I'm told women want a man who knows what he wants, so here's the whole nine yards. If there is anything here that you are not willing to accept, then don't. You will not change me now or years down the line. Obviously I intend to grow and mature (as one ought to), but I have decided who I am and what I want out of a relationship.
I am looking for a woman that I can make a permanent covenant bond with; I have no interest in flings or "long-term relationships."
I don't intend to come across as bitter or angry with any of this, just clear and up-front. It makes things easier for both of us.
A bit about me:
My faith in Christ is paramount in my life. I would not be where I am without him. In taking interests in various things, I've learned a lot about God's character and design. Each new thing I learn fills me with more worship of him and wonder at his works. It is very important to me that you share this admiration of God.

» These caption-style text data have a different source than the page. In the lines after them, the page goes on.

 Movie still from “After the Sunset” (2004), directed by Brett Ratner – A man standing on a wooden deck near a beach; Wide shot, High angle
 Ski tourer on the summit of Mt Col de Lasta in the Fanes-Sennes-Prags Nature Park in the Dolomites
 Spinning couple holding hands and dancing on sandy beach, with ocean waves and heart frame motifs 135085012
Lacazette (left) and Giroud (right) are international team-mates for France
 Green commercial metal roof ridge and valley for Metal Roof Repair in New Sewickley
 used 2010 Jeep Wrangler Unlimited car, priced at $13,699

I have a full-time job that I am very satisfied with, but what I feel truly passionate about is art and storytelling. To be honest, I've hit a bit of a block lately as far as my output. But I've been trying to find my feet so I can make something valuable to share with the world. I think that art and stories are a fundamental part of being human, not just a luxury. So pretty much any kind of art will spark passion in me, be it music, cinema, video games, literature, video essay, sculpture, etc. I could go back and forth for hours on a lot of things. My hope is that you and I will be able to enjoy art together and create some of our own.
I frequently spend time with another gentleman from my Church and we enjoy conversations about personal projects and contemporary issues, along with walks along beaches and park trails. He is a very important friend in my life, and I am lucky to know such a kind soul. Things aren't well with my family, so I really need that kind of presence.

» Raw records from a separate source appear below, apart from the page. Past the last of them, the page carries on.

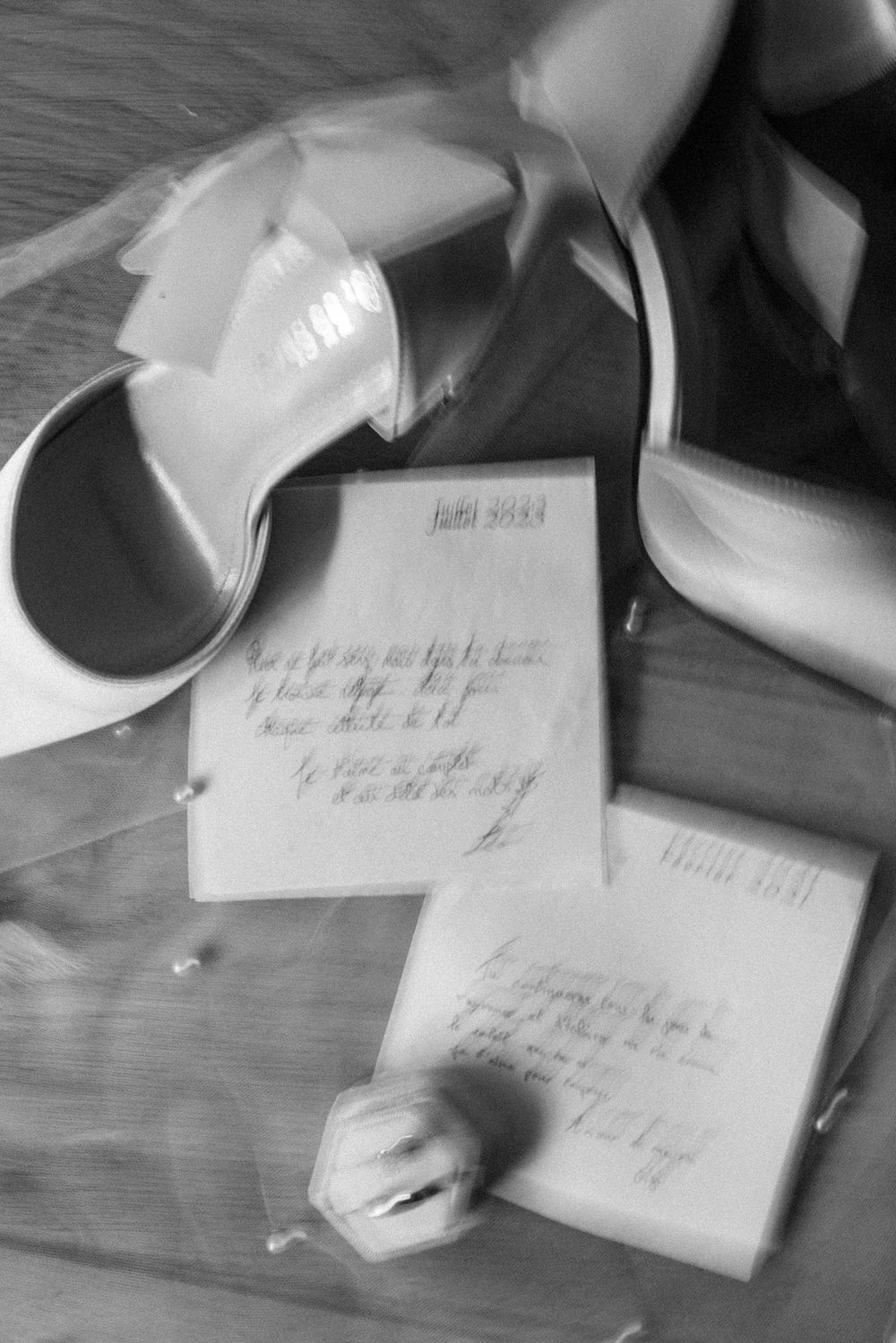 A black and white still life of high heel shoes and handwritten notes on a wooden surface.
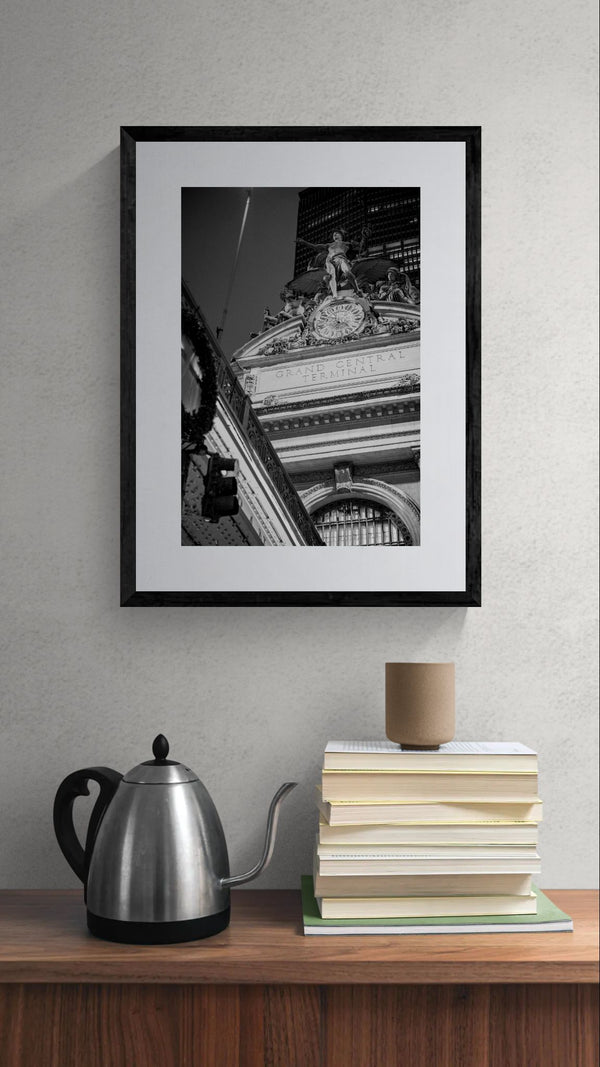 NYC Grand Central from the Right, Mercury Statue framed in black above a beige sofa, sunlit yellow plaster wall — Good Beans NYC.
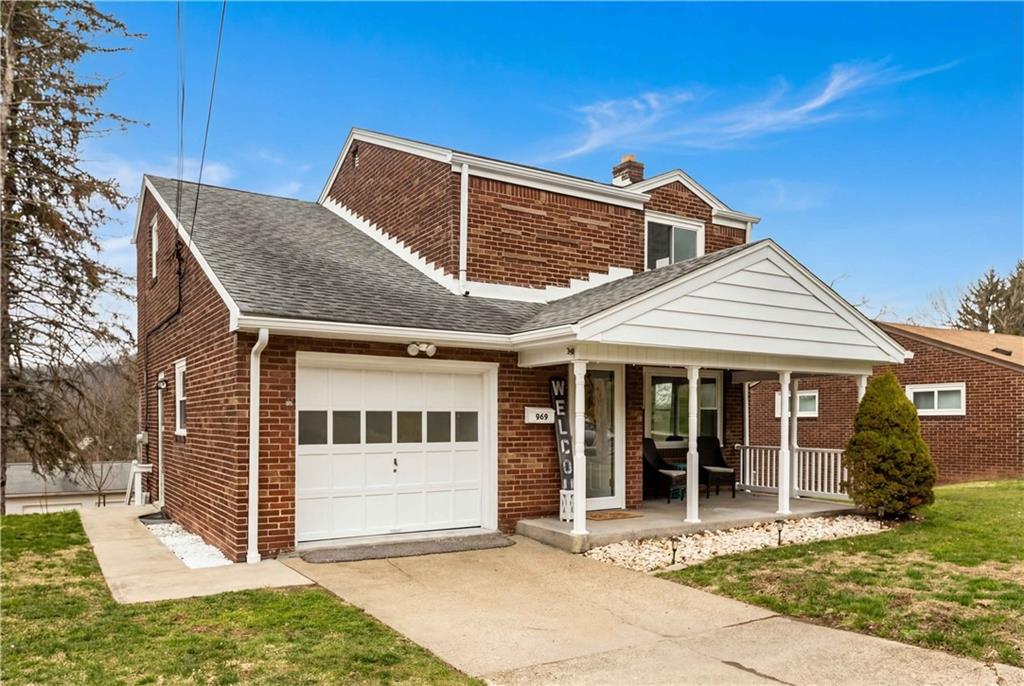 969 4th Street Baden, PA 15005 - Photo 2 of 28 a front view of a house with a porch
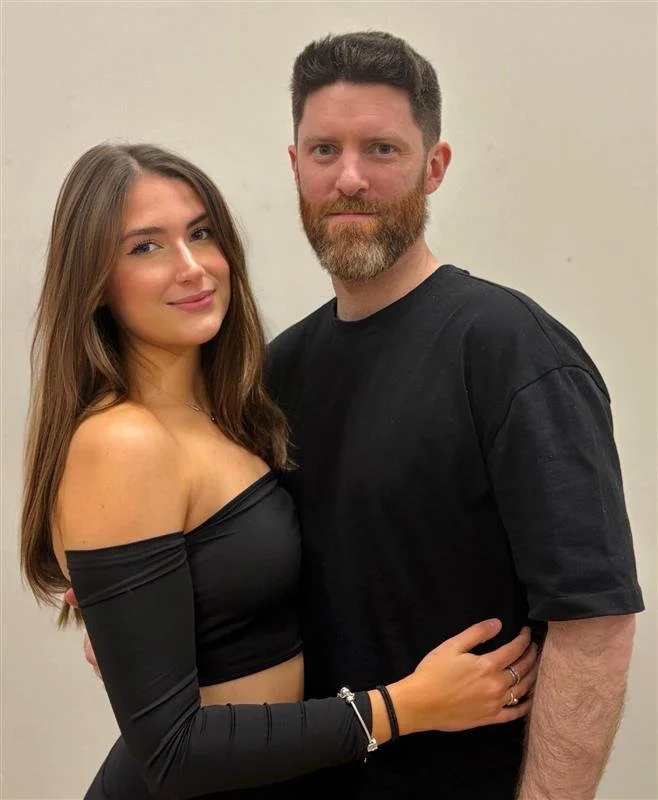 A young woman with long brown hair and a young man with short dark hair and a beard stand close together, smiling and looking at the camera against a plain background. The woman wears a black off-the-shoulder top, and the man wears a black t-shirt.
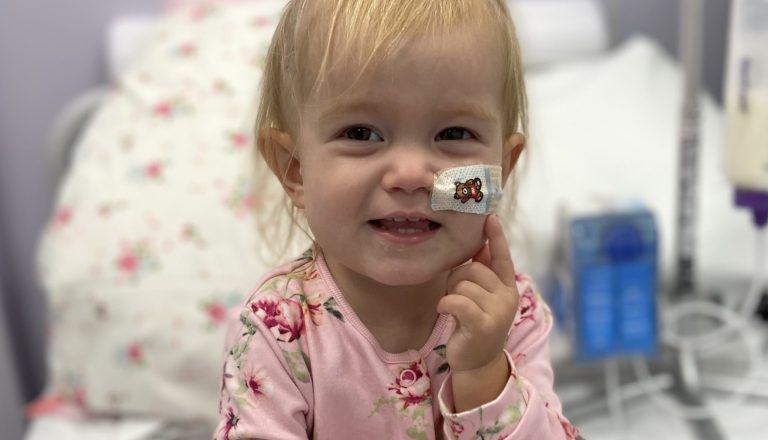 Orla smiling in hospital bed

While I rely on my bicycle for transport (no car), it's not a problem for me. I've been riding bikes since I was in elementary school (maybe even before). It would be really nice to ride down some trails with you.
What I expect from you:
-You need to be a follower of Jesus Christ. God needs to be an active part of your life because I intend to raise our children under Biblical values.
-You need hobbies and interests apart from me. I'm fine with helping you find things you like.
-You need to have no mileage.
-You must be humble and respectful. "Boss babe" attitudes are not attractive to me.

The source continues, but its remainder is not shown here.